[Records for the exercise — start]

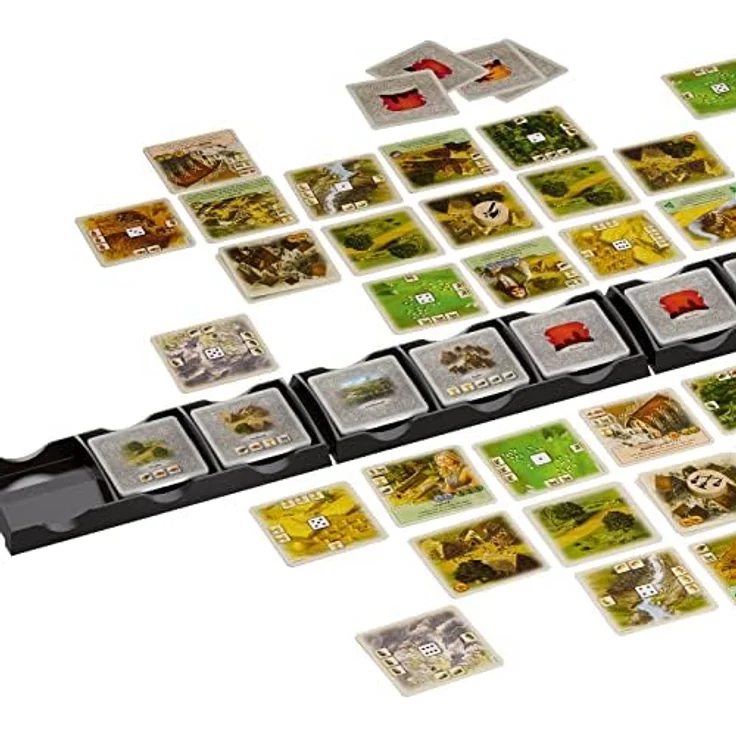 Devir Catan der Duelo, Brettspiel mit Mehrfarbiger Gestaltung – Bild 4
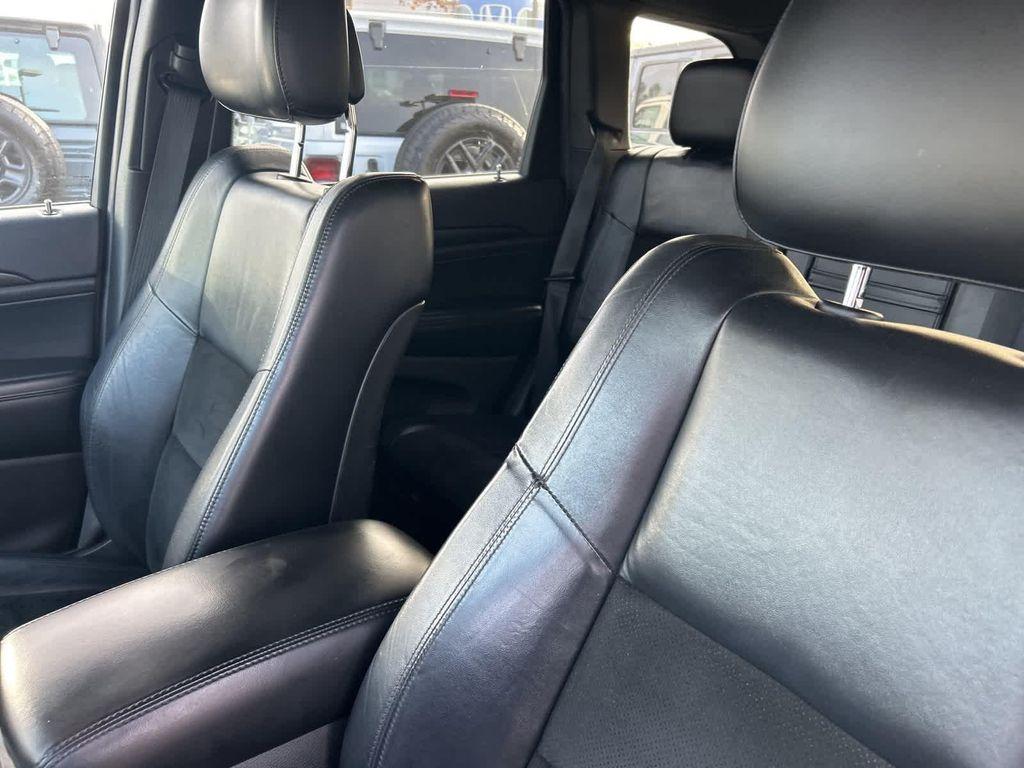 used 2015 Jeep Grand Cherokee car, priced at $13,972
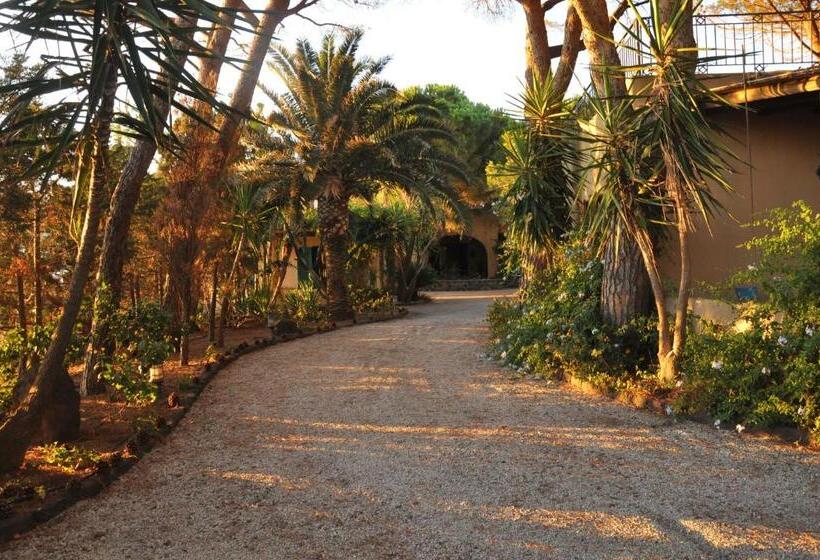 פנסיון Le Mãƒâ nnare Case Vacanze Di Metopa Srl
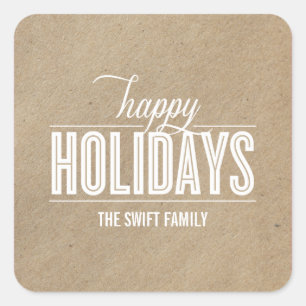 Simply Crafted Holiday Stickers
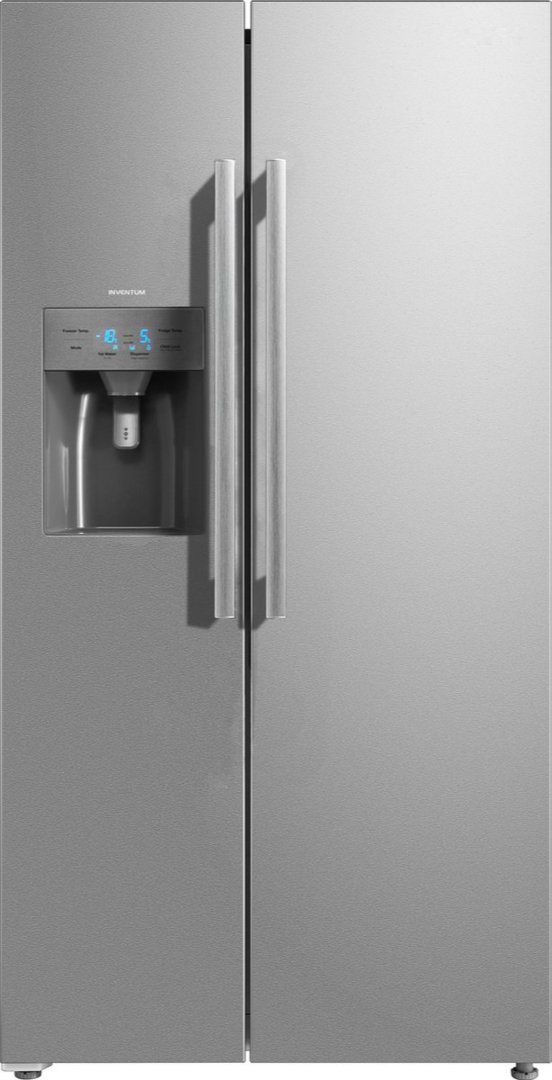 Inventum SKV1782RI - Amerikaanse koelkast - RVS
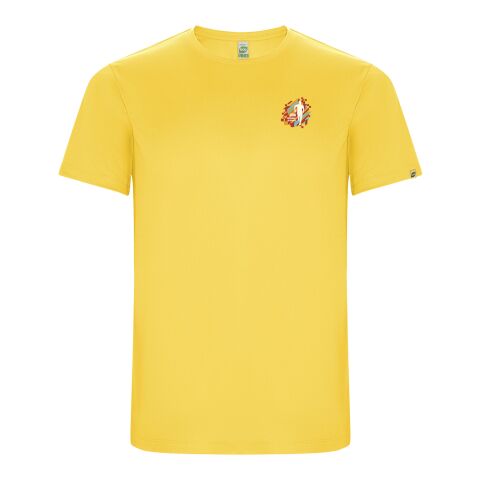 Camiseta deportiva de manga corta infantil &quot;Imola&quot; Estándar | Amarillo | 12 | sin montaje de publicidad | no disponible | no disponible | no disponible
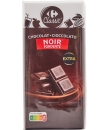 Tablettes de Chocolat Noir Extra CARREFOUR CLASSIC'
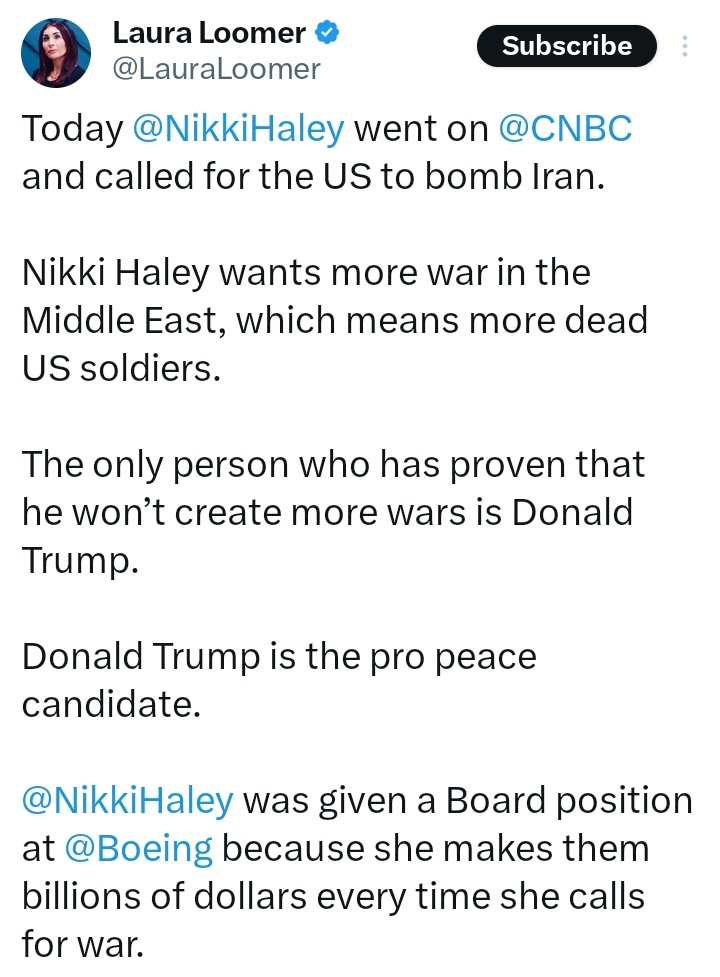 BenyaminTehran's tweet photo. This you, @LauraLoomer? https://t.co/64B8L8llpf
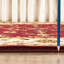 Tapis traditionnel rouge en polypropylène 10 po X 10 pi 3 po | Idée de cadeau-67490811-67490804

[Records for the exercise — finish]

▶ Requirement: The entries above, without their pictures, should be written out exactly.

▶ Task output:
 Devir Catan der Duelo, Brettspiel mit Mehrfarbiger Gestaltung – Bild 4
 used 2015 Jeep Grand Cherokee car, priced at $13,972
 פנסיון Le Mãƒâ nnare Case Vacanze Di Metopa Srl
 Simply Crafted Holiday Stickers
 Inventum SKV1782RI - Amerikaanse koelkast - RVS
 Camiseta deportiva de manga corta infantil &quot;Imola&quot; Estándar | Amarillo | 12 | sin montaje de publicidad | no disponible | no disponible | no disponible
 Tablettes de Chocolat Noir Extra CARREFOUR CLASSIC'
 BenyaminTehran's tweet photo. This you, @LauraLoomer? https://t.co/64B8L8llpf
 Tapis traditionnel rouge en polypropylène 10 po X 10 pi 3 po | Idée de cadeau-67490811-67490804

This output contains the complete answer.